顺手放了音乐,是自己比较喜欢听的《雨的印记》,单曲循环。音乐的旋律伴着雨声,氤氲成一种自然的气氛。我陷在这种气氛中,一些面孔扑朔迷离;一些事情若隐若现;一些景象闪现、消失,此起彼伏。
一些字眼,散漫凌乱;一些音符跳跃、涌动。当我想借助语言记下的时候,这些字眼,音符却突然遥无踪影。
我开始恨自己不是诗人——诗人,这个令人,尤其是令我觉得无法企及的字眼,似乎总是与雨有扯不断的千丝万缕的联系!

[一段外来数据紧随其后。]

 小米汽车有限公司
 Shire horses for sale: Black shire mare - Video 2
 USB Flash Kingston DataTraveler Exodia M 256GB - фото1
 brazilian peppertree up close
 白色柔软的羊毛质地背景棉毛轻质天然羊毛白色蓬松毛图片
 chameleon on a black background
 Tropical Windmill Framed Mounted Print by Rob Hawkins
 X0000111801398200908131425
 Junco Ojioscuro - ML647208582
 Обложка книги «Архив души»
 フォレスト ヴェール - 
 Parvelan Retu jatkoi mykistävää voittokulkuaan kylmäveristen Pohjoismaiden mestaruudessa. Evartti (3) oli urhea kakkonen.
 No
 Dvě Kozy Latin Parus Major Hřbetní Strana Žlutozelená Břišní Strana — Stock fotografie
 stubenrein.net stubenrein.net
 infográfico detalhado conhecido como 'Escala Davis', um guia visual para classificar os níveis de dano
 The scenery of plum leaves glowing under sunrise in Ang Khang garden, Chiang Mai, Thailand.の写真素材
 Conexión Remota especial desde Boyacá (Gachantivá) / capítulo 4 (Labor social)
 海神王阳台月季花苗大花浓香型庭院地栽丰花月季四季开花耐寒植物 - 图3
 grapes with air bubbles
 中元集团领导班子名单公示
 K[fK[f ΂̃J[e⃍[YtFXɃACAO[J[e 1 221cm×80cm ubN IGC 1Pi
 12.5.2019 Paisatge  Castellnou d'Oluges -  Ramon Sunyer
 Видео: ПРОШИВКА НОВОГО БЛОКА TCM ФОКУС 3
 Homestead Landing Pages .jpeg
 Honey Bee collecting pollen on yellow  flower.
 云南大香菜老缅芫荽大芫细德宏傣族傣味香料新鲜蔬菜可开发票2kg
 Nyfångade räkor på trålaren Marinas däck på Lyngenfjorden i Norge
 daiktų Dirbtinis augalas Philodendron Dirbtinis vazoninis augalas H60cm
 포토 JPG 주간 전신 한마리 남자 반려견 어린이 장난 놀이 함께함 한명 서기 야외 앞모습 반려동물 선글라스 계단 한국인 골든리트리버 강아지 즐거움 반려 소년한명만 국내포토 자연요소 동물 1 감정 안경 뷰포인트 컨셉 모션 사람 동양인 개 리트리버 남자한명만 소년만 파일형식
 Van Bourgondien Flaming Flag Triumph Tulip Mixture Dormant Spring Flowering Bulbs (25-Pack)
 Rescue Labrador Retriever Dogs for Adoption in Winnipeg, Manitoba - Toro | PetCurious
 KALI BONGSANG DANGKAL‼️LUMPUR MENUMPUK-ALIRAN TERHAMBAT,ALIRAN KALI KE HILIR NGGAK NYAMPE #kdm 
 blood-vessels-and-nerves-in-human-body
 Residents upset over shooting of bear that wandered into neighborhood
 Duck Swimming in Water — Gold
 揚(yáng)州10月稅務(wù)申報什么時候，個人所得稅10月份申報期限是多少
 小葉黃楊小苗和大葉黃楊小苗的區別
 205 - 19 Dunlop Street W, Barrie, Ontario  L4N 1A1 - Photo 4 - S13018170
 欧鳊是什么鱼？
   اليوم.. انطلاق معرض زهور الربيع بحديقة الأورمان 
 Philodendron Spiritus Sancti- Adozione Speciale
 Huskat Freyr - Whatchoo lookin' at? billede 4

“我从小就喜欢雨,喜欢诗,我认为诗比我的生命还重要。如果没有诗的陪伴,我不知道还怎么生活。所以我对带有诗的名字都格外有好感.。”突然一个声音在耳边响起,而且越来越清晰。
此时我知道今天的思绪已经注定是属于他的,一个比我小十岁的会写诗词的异性朋友。而我对他的思念也必然会因雨而起,为诗词而展开。
“你不是说也喜欢看诗看词吗?‘闻说双溪春尚好,也拟泛轻舟。只恐双溪舴艋舟,载不动,许多愁!’李清照, 易安!! 易安了不起啊 ,可是王国维,却在《人间词话》中对她没有只言片语 !
小山有语 :‘花信来时,恨无人似花依旧。又成春瘦,折断门前柳。’有江西风格 ,晏殊这个儿子, 我觉得比他爹厉害 。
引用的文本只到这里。